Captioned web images

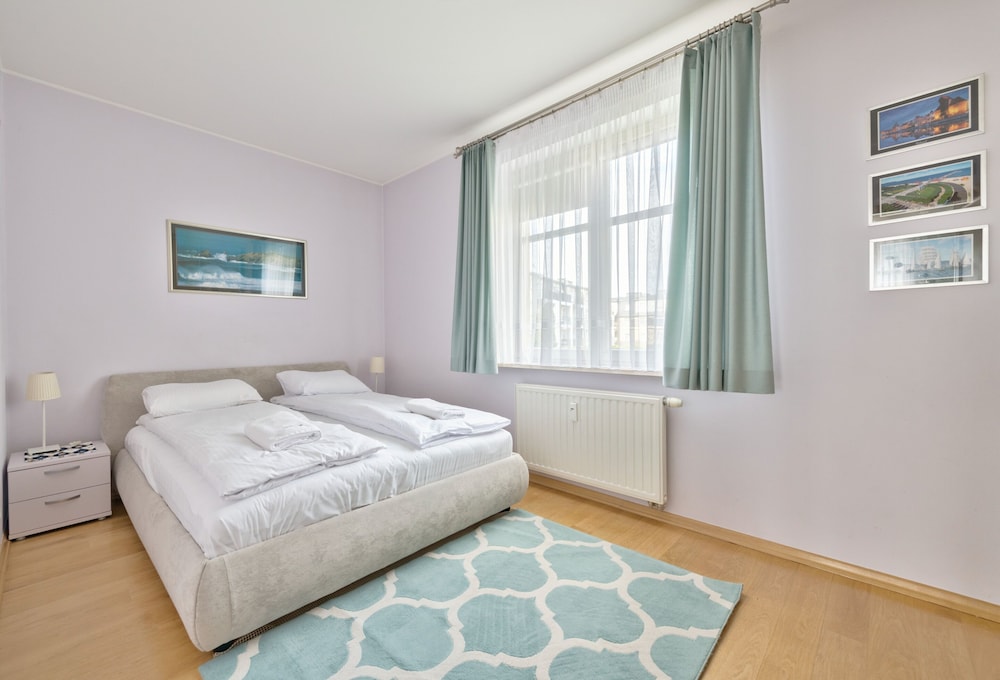 Superior Apartment, 1 Bedroom, Balcony (4 adults) photo 2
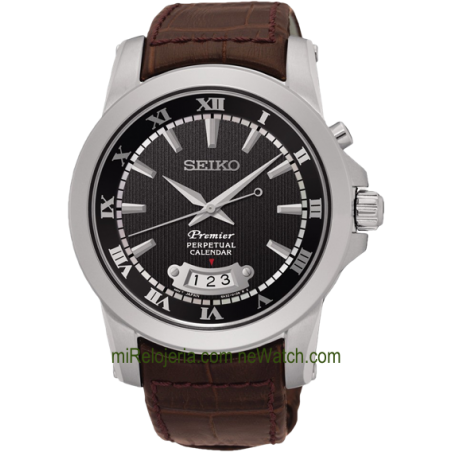 Premier Perpetual Calendar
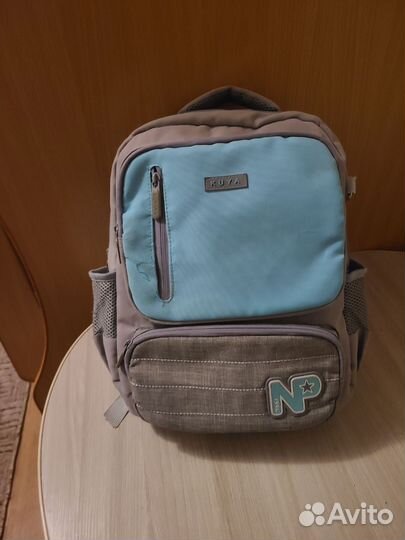 Сумка для мальчика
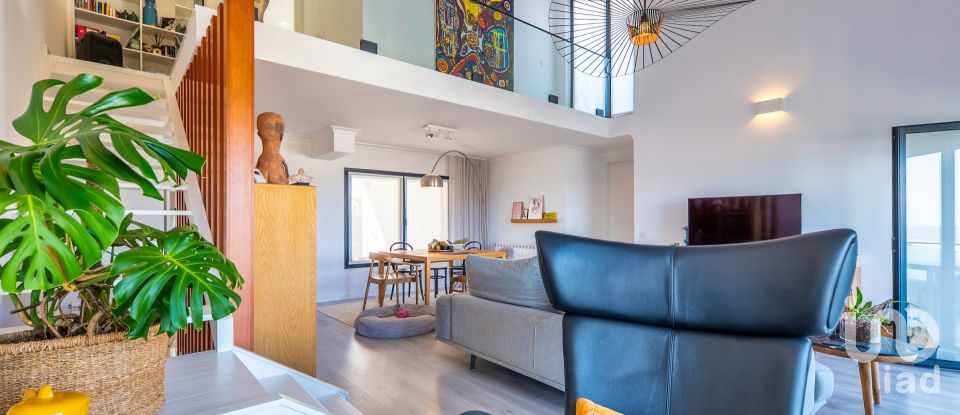 House T3 in Nazaré of 177 m²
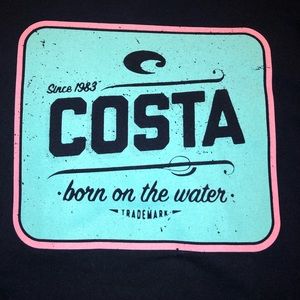 Costa Tshirt Bundle XXL 5 total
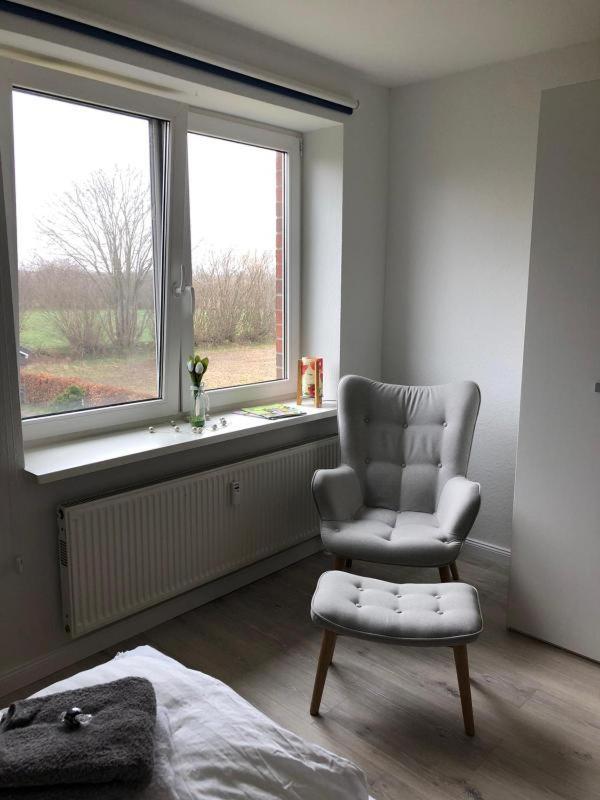 Mome Appartment Gross Ronnau Zewnętrze zdjęcie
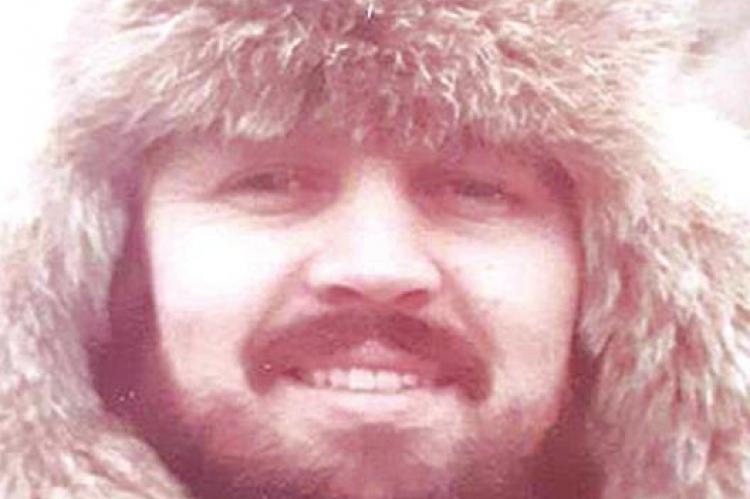 Service held for Jerry Lee Lansdale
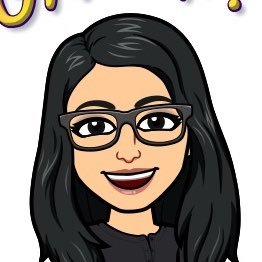 Spanish teacher, gardener, reader, crafter, with lots of hopes and dreams.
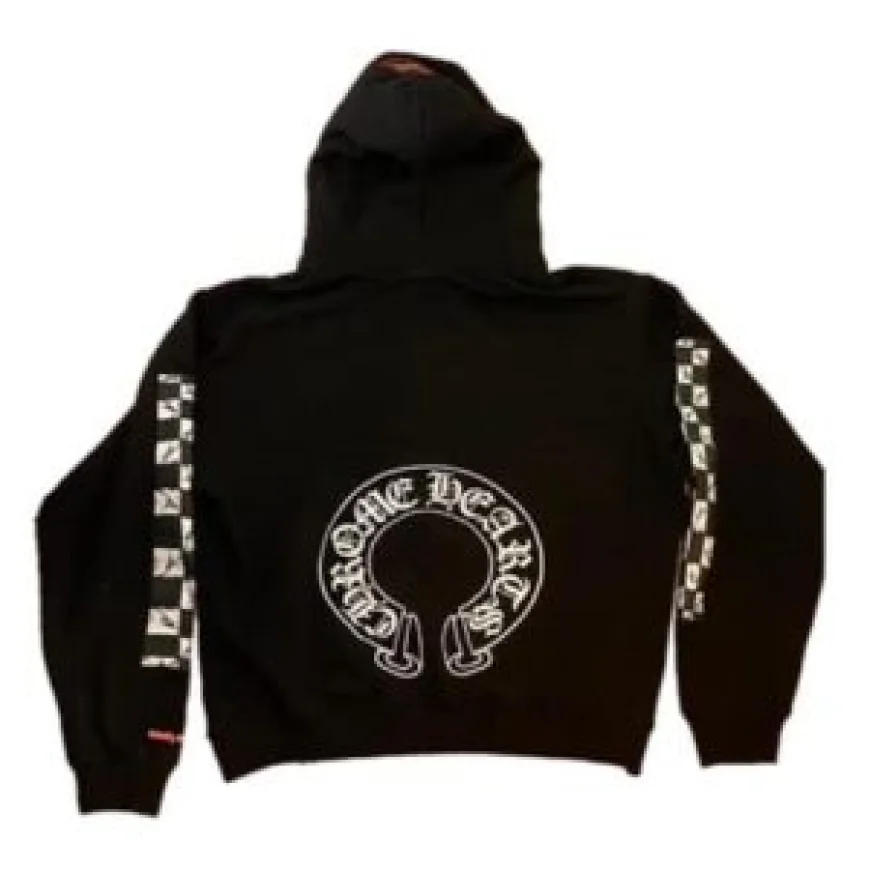 chrome hearts world of luxury streetwear design shop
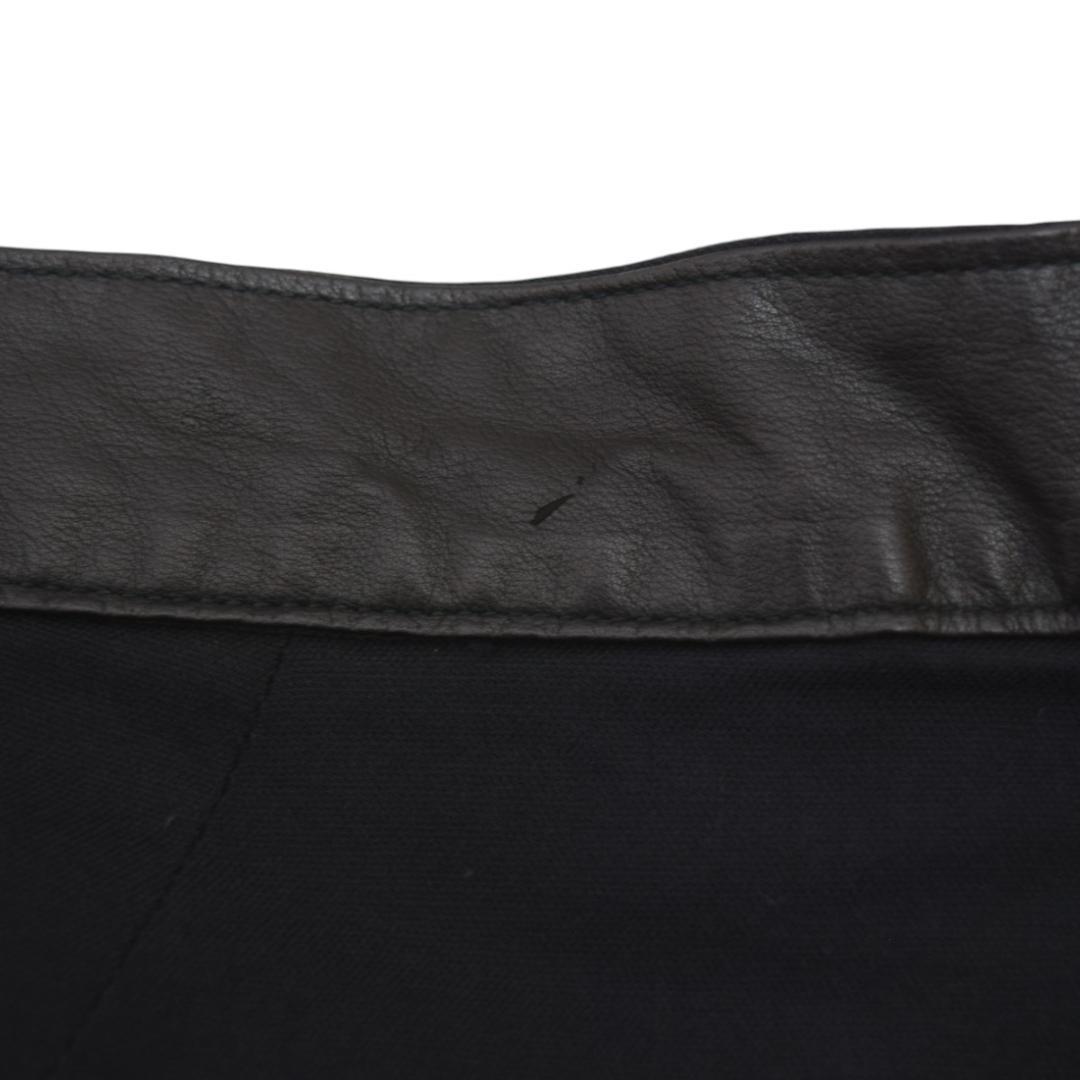 ISAMU KATAYAMA BACKLASH サルエルパンツ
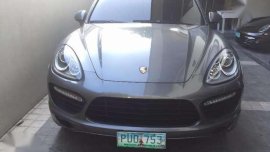 2011 Porsche Cayenne for sale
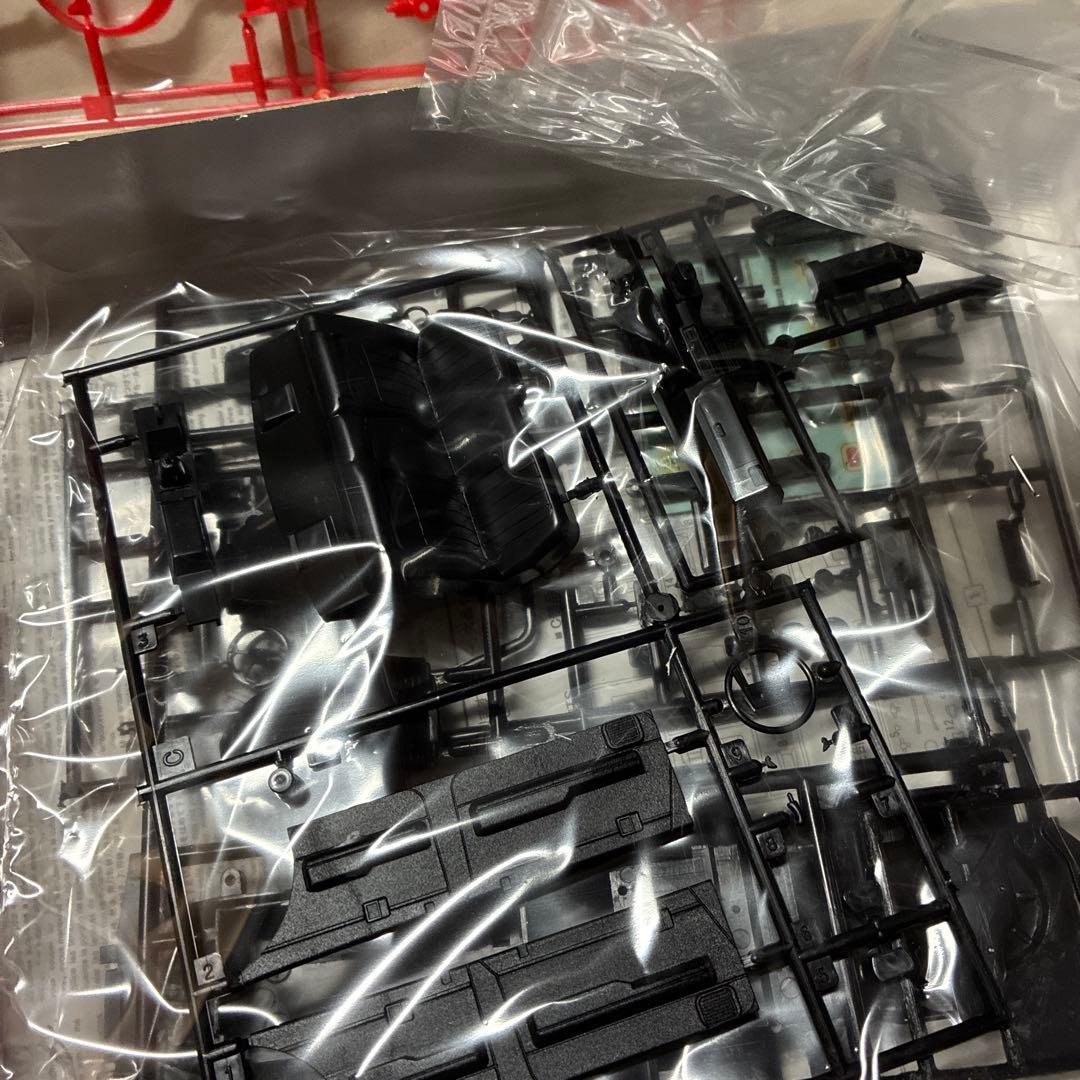 フジミトヨタ チェイサー 2000 アバンテ 1/24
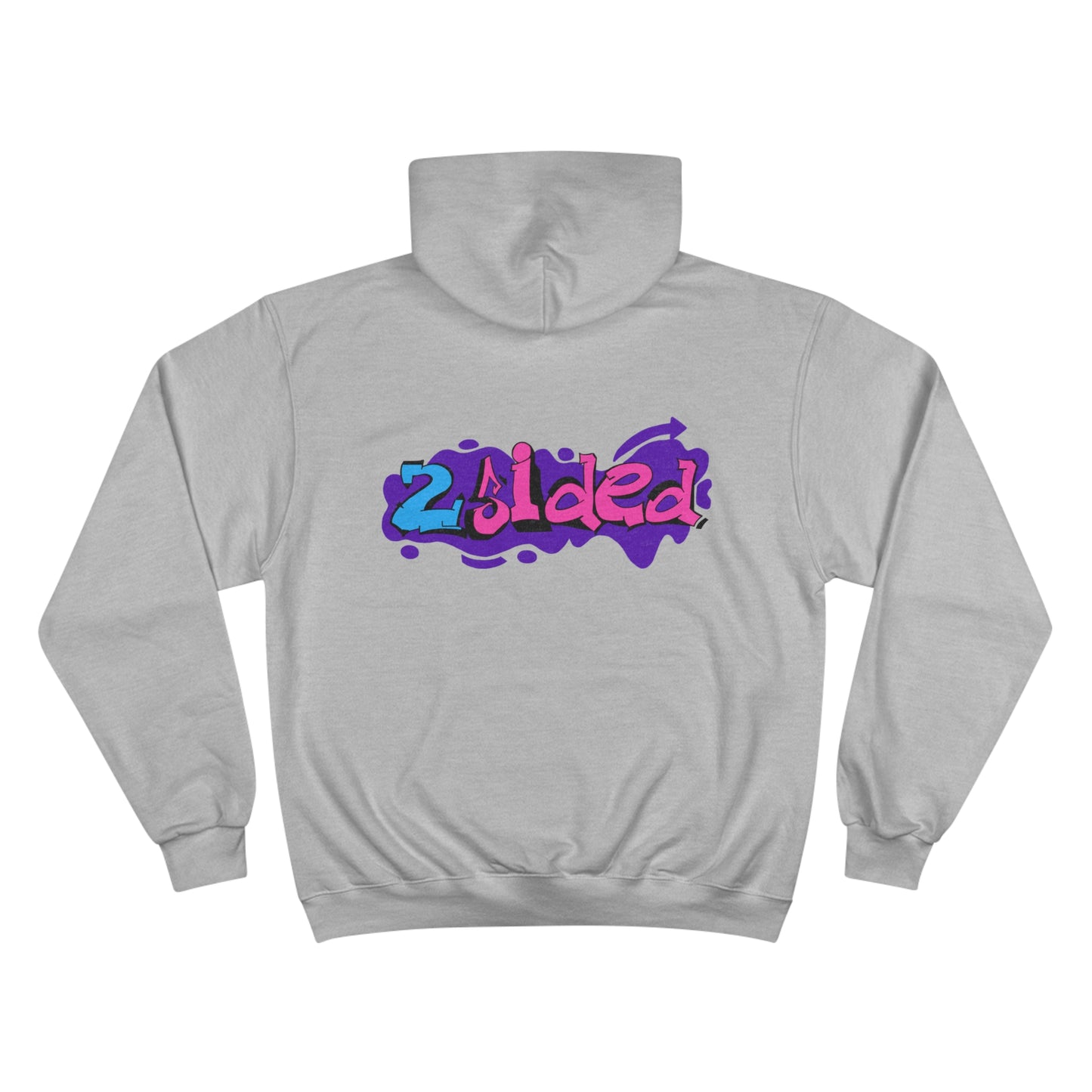 Champion Hoodie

YOUR TASK
Copy the entries above verbatim. Pictures do not belong in the copy.

SOLVED EXERCISE
 Superior Apartment, 1 Bedroom, Balcony (4 adults) photo 2
 Premier Perpetual Calendar
 Сумка для мальчика
 House T3 in Nazaré of 177 m²
 Costa Tshirt Bundle XXL 5 total
 Mome Appartment Gross Ronnau Zewnętrze zdjęcie
 Service held for Jerry Lee Lansdale
 Spanish teacher, gardener, reader, crafter, with lots of hopes and dreams.
 chrome hearts world of luxury streetwear design shop
 ISAMU KATAYAMA BACKLASH サルエルパンツ
 2011 Porsche Cayenne for sale
 フジミトヨタ チェイサー 2000 アバンテ 1/24
 Champion Hoodie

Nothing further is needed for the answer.